Re: [Anima] Review of ANIMA GRASP

Brian E Carpenter <brian.e.carpenter@gmail.com> Sat, 25 June 2016 02:13 UTC

To: Sheng Jiang <jiangsheng@huawei.com>, "anima@ietf.org" <anima@ietf.org>, "draft-ietf-anima-grasp.all@ietf.org" <draft-ietf-anima-grasp.all@ietf.org>
References: <5D36713D8A4E7348A7E10DF7437A4B927CA883CF@NKGEML515-MBX.china.huawei.com>
From: Brian E Carpenter <brian.e.carpenter@gmail.com>
Organization: University of Auckland
Message-ID: <85a59bee-fab6-9962-29c3-b3a49788da37@gmail.com>
Date: Sat, 25 Jun 2016 14:13:30 +1200
User-Agent: Mozilla/5.0 (Windows NT 6.1; WOW64; rv:45.0) Gecko/20100101 Thunderbird/45.1.1
MIME-Version: 1.0
In-Reply-To: <5D36713D8A4E7348A7E10DF7437A4B927CA883CF@NKGEML515-MBX.china.huawei.com>
Content-Type: text/plain; charset="utf-8"
Content-Transfer-Encoding: quoted-printable
Archived-At: <https://mailarchive.ietf.org/arch/msg/anima/GHeDlL_9vL478plZX8jZmEqJ58o>
Subject: Re: [Anima] Review of ANIMA GRASP
Precedence: list

Hi Sheng,

Thanks so much. I will give some personal first responses below. I have
not commented on the points that are editorial or simple to correct.

For timing reasons, and because we are still hoping for some other reviews
before Berlin, I expect we will post a version before Berlin that only answers
some of the points.
On 24/06/2016 22:10, Sheng Jiang wrote:
> Hi, Brian & authors of GRASP,
> 
> Thanks so much for your hard work on GRASP. With my WG chair hat on, I have done a thorough review. (Giving that my review went much slower than I thought. I did not complete it. This email only contains most of concepts and considerations, up to section 3.4 . I will send other mail for the rest part for the protocol details next week.) In general, I feel the current document is already in a good sharp. I have a few minor comments are below. Most of them are in requirement and overview sections.
> 
> Before into details, in general the current text still have room to improve regarding to clearly distinguish the target, role and responsibility of GRASP, ASAs and autonomic network as a whole.

Yes, although of course some of that material intersects with the Reference Model
document. I think we also need some deep reviews of the Reference Model to get
this aspect correct.

> Second paragraph of Section 1, the Autonomic Service Agent should be in the first character uppercase format and a reference of RFC7575 should be given. It is an important term to understand the context.
> 
> In the same paragraph, “There is no restriction on the type of parameters and resources concerned.” I am not sure the meaning of restriction here. I guess this sentence means any parameters and resources could be the negotiation objective. Am I right?

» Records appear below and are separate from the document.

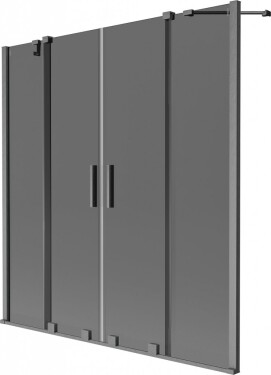 MEXEN/S - Velar Duo dvojkrídlová posuvná vaňová zástena 160 x 150, grafit, grafit kartáčovaná 896-160-000-42-66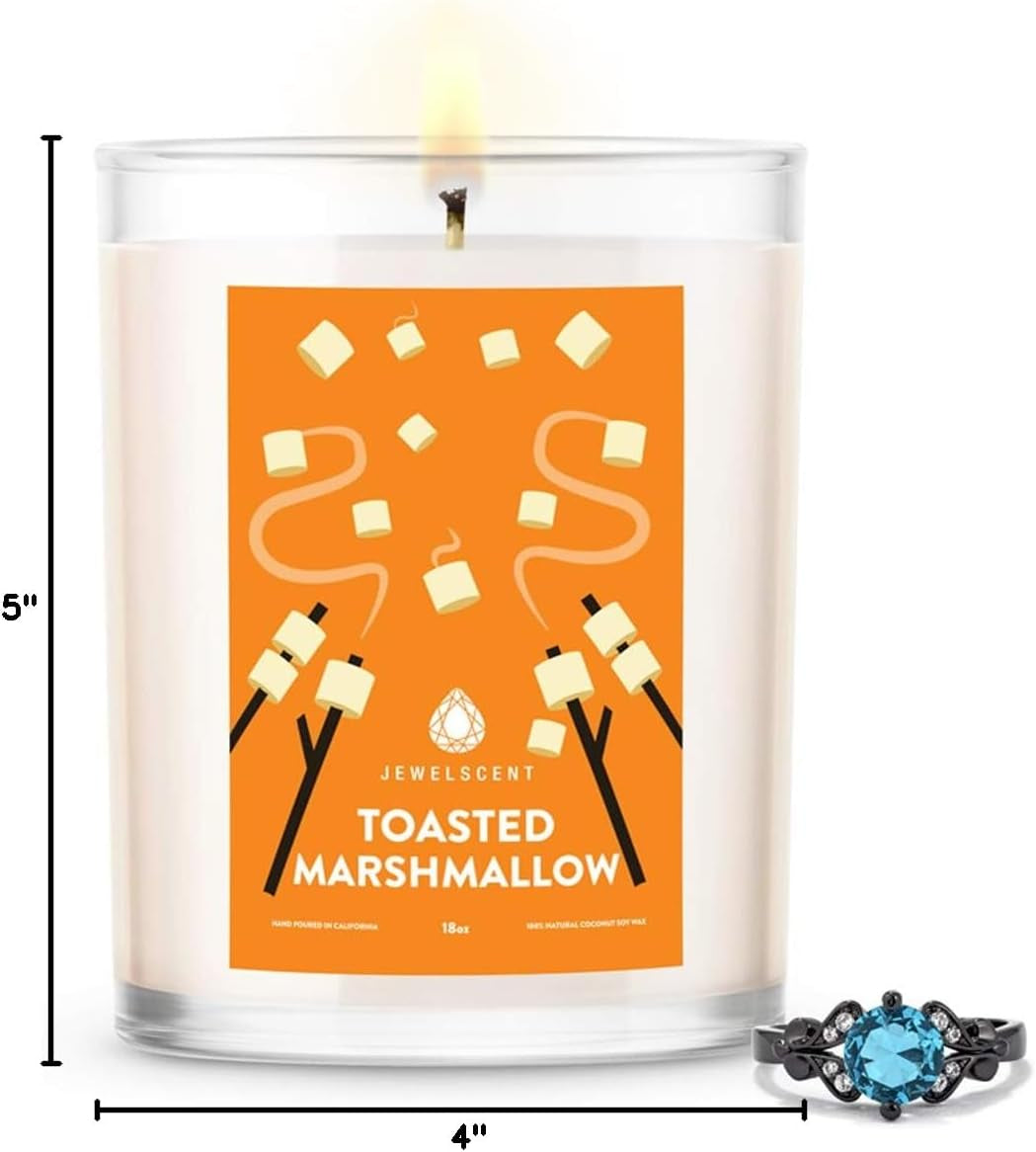 Jewelscent Haunting Hayride X-Large 18 Oz Candle with Suprise Jewelry Ring | Creamy Pumpkin, Meyer Lemon, Ground Cardamom and Sweet Manuka Honey | Ring 06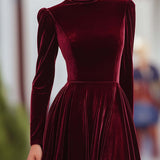 Éléonore | Robe Maxi en Velours à Col Montant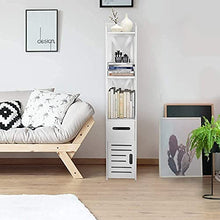 Zerone - Armadietto portaoggetti da bagno, in legno bianco, moderno, autoportante, con porta a scatto e ripiano aperto, per casa, soggiorno, camera da letto, 100 x 20 x 20 cm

Yes - we don't want to limit this in any way.

> In the same paragraph, should the atomic unit of discovery should also be mentioned? Actually, it is not clear whether the discovery is device oriented or ASA oriented.

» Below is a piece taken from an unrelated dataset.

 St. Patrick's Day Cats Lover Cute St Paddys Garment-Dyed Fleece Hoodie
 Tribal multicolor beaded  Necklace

Good point. I personally think it is objective oriented. A node can contain multiple
ASAs and an ASA can handle multiple objectives, so discovery must operate for
one objective. It is the most flexible design.

> Third paragraph of Section 1, “Negotiation is … between the negotiating devices”.  Is it possible to negotiate between ASAs or instances in a same device?

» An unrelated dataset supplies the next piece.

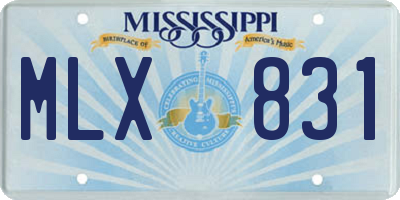 MS license plate MLX831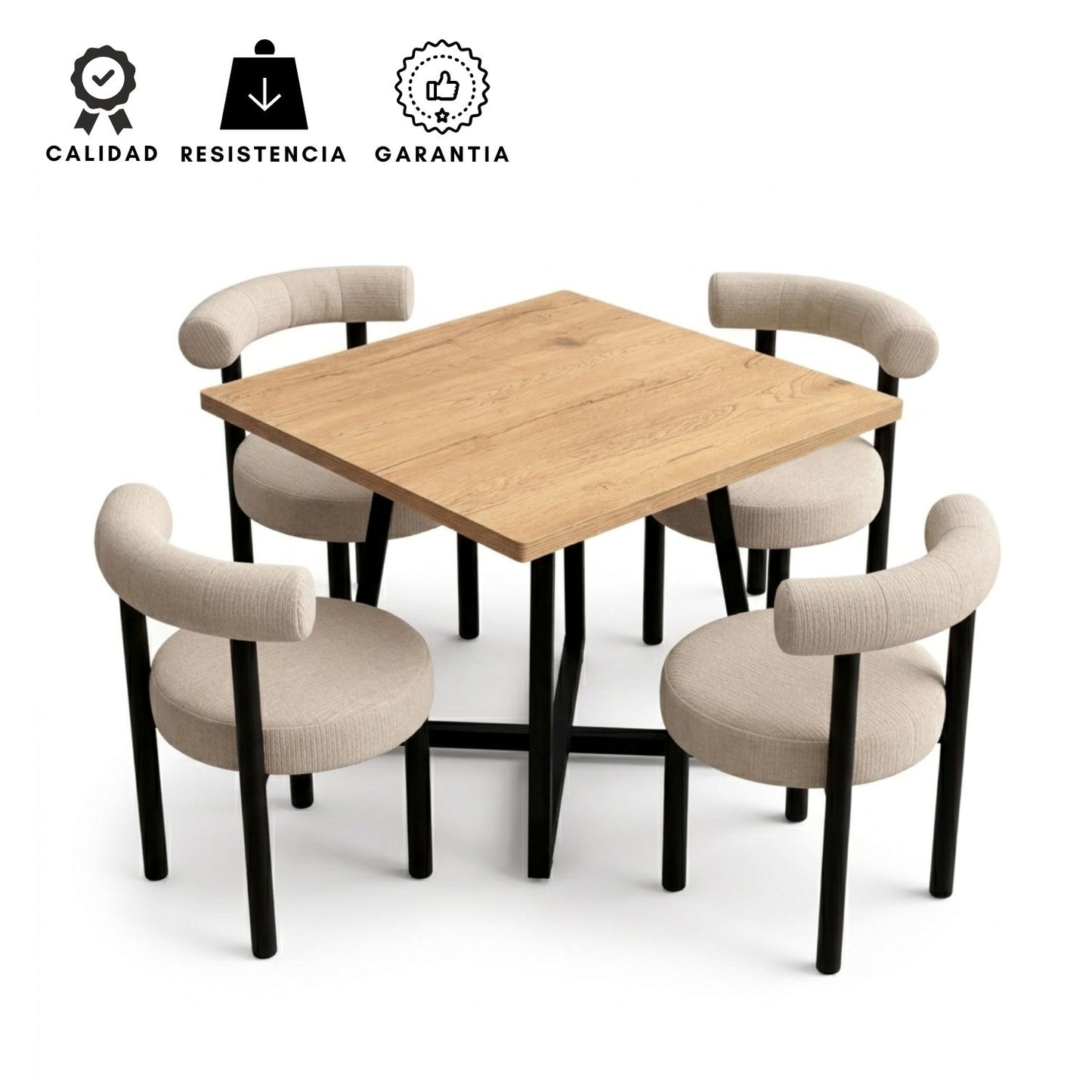 Juego de Comedor Cuadrado Nala con 4 Sillas Kanala Gris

I can answer for my prototype code: yes. I can show you this in Berlin: three ASAs
negotiating simultaneously in my laptop, with three instances of GRASP running
in fact. (Thanks to Toerless; this works because he persuaded us to change to a
separate TCP port for each instance.)

> Fourth paragraph of Section 1, I don’t understand the purpose of these text from “Although”. It seems the 3rd, 4th and 5th sentences are saying the negotiation or GRASP is not restricted to the topology in a very obscure way. If my read is right, please just say so. The last sentence looks like a widow for me, although the word “therefore” appeared. For me, bootstrap may be a special ASA, but it is no different mean to GRASP from other ASA, unless it raises some special requirements, which I did not see.

Yes, I think we can simplify this text to say that GRASP can run in any kind of
network topology. If you remember, a very early draft had quite a discussion
of hierarchy and this is really left-over text from that.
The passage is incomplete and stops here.